Traditional approaches rely heavily on physical testing, which is prohibitively expensive and time-consuming, or high-fidelity finite element (FE) simulations, which are computationally intensive and cannot provide real-time assessments. To overcome these limitations, this work proposes and develops a comprehensive data-driven framework for predicting the safety of an EV battery pack subjected to side pole collisions. The core methodology involves generating a high-quality dataset through controlled FE simulations, performing intelligent feature engineering, and training robust machine learning models that can instantaneously predict key safety metrics from a set of collision boundary conditions.

1. Finite Element Modeling and Simulation Strategy

To generate the data necessary for training a predictive model, a representative and computationally efficient FE model of a typical EV battery pack was developed. The model incorporates a regional refinement strategy to balance accuracy with computational cost. The region of the EV battery pack expected to sustain direct impact is modeled with high detail, including representations of critical internal components like jellyrolls, end plates, and busbars. Areas farther from the impact zone are represented using homogenized or simplified models to reduce the total element count and simulation time.
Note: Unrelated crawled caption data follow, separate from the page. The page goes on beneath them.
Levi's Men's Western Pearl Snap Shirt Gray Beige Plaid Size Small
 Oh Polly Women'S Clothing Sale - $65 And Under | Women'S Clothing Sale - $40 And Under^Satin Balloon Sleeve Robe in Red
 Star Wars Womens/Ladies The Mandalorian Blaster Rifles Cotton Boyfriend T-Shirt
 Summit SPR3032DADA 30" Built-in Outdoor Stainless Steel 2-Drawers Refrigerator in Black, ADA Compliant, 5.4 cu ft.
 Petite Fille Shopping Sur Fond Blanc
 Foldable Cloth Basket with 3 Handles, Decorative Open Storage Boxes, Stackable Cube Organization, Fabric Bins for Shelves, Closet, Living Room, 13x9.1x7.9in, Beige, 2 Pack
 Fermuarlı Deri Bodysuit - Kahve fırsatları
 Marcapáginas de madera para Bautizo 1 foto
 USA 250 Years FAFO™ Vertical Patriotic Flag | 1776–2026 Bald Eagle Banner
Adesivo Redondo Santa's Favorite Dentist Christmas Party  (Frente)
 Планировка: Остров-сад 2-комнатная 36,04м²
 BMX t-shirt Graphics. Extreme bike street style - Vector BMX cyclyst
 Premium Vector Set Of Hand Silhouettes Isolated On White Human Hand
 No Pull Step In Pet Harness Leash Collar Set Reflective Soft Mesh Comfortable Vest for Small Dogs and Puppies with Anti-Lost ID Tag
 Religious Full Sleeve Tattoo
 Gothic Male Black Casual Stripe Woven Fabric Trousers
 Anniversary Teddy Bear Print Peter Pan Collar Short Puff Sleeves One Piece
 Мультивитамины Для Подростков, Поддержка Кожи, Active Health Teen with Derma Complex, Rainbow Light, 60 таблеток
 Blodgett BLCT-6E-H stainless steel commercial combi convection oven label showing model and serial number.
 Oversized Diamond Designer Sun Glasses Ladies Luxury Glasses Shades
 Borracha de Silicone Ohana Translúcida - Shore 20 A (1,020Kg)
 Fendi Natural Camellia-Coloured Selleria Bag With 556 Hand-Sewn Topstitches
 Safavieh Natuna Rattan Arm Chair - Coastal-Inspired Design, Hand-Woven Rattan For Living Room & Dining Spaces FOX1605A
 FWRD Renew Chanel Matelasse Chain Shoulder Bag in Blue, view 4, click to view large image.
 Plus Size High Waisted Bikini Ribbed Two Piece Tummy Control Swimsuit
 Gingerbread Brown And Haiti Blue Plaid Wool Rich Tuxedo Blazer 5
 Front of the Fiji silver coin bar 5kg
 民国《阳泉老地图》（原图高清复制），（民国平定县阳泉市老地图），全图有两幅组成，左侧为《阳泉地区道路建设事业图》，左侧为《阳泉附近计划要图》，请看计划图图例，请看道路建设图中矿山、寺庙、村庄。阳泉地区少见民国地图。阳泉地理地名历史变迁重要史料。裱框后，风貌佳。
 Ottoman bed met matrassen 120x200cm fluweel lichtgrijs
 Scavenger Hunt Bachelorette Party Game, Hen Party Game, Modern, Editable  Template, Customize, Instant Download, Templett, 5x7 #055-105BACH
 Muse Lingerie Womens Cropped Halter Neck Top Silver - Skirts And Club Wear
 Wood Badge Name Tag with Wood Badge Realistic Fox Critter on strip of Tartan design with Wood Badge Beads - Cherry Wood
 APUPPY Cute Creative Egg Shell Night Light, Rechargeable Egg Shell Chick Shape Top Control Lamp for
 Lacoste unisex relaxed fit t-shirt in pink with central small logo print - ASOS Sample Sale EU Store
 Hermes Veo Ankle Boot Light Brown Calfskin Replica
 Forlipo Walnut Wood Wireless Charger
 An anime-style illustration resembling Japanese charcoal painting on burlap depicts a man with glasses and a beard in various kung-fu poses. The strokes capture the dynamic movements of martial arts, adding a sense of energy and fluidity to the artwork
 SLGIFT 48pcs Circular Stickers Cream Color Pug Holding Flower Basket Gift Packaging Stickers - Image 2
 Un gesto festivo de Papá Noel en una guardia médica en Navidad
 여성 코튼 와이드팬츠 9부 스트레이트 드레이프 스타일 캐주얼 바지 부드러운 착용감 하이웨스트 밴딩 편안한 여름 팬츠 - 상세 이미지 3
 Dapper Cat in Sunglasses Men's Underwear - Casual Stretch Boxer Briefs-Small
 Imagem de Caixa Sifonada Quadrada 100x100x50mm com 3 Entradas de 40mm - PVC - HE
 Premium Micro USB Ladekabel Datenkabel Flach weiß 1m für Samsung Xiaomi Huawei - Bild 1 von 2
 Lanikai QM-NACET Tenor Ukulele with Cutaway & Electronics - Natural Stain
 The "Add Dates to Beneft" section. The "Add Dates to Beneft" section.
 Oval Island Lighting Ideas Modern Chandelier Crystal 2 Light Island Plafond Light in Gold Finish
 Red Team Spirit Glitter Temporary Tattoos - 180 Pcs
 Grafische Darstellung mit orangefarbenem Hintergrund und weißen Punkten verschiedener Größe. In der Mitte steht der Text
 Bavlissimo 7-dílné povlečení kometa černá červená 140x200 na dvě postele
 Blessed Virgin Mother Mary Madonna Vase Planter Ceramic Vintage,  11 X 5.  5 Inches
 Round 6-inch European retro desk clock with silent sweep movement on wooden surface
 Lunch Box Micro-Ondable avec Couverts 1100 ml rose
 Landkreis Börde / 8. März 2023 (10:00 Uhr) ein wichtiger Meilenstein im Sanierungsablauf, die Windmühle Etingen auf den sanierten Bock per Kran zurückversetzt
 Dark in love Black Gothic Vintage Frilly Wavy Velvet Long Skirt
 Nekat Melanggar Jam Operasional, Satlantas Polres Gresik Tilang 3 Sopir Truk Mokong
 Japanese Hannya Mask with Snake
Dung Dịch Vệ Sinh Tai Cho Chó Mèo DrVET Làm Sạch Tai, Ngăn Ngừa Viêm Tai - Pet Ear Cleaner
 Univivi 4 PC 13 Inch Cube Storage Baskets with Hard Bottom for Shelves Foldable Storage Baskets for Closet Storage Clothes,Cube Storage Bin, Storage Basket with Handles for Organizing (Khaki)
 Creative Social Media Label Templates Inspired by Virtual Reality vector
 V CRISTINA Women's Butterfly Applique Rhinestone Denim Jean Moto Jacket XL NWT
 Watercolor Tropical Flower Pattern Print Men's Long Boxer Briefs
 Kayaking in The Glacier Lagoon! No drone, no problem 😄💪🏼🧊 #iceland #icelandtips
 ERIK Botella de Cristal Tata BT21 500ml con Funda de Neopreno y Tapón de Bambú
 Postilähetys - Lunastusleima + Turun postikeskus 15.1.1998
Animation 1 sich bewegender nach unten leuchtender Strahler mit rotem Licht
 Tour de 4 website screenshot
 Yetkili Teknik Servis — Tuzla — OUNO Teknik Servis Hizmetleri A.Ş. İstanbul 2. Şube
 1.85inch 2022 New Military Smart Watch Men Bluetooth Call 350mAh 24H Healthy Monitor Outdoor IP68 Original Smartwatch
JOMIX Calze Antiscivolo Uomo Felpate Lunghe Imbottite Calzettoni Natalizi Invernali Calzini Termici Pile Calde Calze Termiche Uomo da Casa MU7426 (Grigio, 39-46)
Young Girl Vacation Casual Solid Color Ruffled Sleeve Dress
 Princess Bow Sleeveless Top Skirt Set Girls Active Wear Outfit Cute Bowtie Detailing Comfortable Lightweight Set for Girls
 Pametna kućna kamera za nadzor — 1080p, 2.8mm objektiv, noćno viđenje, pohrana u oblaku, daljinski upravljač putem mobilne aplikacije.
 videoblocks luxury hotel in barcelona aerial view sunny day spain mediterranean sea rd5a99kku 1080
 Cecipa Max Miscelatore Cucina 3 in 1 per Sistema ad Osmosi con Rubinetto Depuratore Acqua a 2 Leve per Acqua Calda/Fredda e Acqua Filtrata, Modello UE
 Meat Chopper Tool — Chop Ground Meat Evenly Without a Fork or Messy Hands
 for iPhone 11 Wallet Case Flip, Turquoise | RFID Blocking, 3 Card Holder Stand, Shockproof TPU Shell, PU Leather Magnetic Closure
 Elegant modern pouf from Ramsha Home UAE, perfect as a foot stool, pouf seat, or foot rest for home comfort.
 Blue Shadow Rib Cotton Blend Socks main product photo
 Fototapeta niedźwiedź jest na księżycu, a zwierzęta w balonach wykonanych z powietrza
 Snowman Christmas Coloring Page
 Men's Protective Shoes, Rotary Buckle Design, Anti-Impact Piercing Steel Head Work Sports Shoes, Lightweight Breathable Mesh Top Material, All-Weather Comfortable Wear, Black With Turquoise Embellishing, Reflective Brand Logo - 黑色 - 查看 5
The side pole collision scenario is parameterized by several key boundary conditions that define the crash severity and geometry. These parameters form the input space for our subsequent data-driven model:

Impact Velocity (v): The initial speed of the EV battery pack towards the stationary pole.
Impact Angle (θ): The angle between the pack’s longitudinal axis and the direction of travel, where 90° represents a pure lateral impact.
Collision Position (L): The initial contact point of the pole along the side wall of the EV battery pack, measured relative to a reference point.
Mass Compensation (m): Additional mass uniformly applied to the EV battery pack’s mounting points to simulate different vehicle loading conditions (e.g., curb weight vs. gross vehicle weight).
Pole Diameter (d): The diameter of the rigid cylindrical obstacle.

To ensure the dataset comprehensively covers the multi-dimensional parameter space without an exhaustive and costly full-factorial sampling, an Optimized Latin Hypercube Sampling (OLHS) strategy was employed. Unlike standard LHS, OLHS maximizes the minimum distance between all sample points, leading to a more uniform and space-filling distribution. The distance metric used for optimization is the Euclidean distance between normalized sample points. Given a sample point i with parameters $x_i = [v_i, θ_i, L_i, m_i, d_i]$, after normalization to a [0,1] range for each dimension, the distance to another point j is:
$$ d(x_i, x_j) = \sqrt{\sum_{k=1}^{5} (x_{i,k} – x_{j,k})^2} $$
The optimization goal is:
$$ \text{maximize: } \min_{i \neq j} d(x_i, x_j) $$
This process generated a well-distributed set of 200 unique simulation configurations, efficiently exploring variations in collision energy, geometry, and load case.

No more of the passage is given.